(Source records)

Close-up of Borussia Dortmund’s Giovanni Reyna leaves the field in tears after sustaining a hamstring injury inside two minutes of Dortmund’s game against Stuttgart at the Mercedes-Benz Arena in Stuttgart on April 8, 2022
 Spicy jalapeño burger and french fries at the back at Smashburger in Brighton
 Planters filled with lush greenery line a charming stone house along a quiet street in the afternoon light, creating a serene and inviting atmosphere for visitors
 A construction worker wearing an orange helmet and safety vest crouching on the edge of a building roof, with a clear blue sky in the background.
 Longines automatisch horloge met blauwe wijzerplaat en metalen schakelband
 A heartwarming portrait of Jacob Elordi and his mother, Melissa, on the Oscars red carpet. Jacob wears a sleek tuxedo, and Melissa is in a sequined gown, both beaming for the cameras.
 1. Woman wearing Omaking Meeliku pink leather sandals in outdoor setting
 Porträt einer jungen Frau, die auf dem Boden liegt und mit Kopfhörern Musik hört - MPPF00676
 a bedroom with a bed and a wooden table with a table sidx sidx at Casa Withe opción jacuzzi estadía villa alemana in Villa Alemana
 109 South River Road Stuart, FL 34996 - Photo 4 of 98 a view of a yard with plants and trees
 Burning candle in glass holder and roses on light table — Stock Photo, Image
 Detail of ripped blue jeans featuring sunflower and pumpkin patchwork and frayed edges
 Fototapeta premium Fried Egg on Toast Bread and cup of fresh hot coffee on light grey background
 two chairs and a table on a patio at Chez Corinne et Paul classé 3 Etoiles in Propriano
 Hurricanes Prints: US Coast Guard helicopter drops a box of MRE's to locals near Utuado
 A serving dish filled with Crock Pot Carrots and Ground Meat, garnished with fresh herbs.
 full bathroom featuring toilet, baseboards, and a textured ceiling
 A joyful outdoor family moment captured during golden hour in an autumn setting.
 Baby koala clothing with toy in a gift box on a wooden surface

→ **Task**
Say how many lines of the data include the word "fresh". Nothing other than the number should be given.

→ **Task result**
2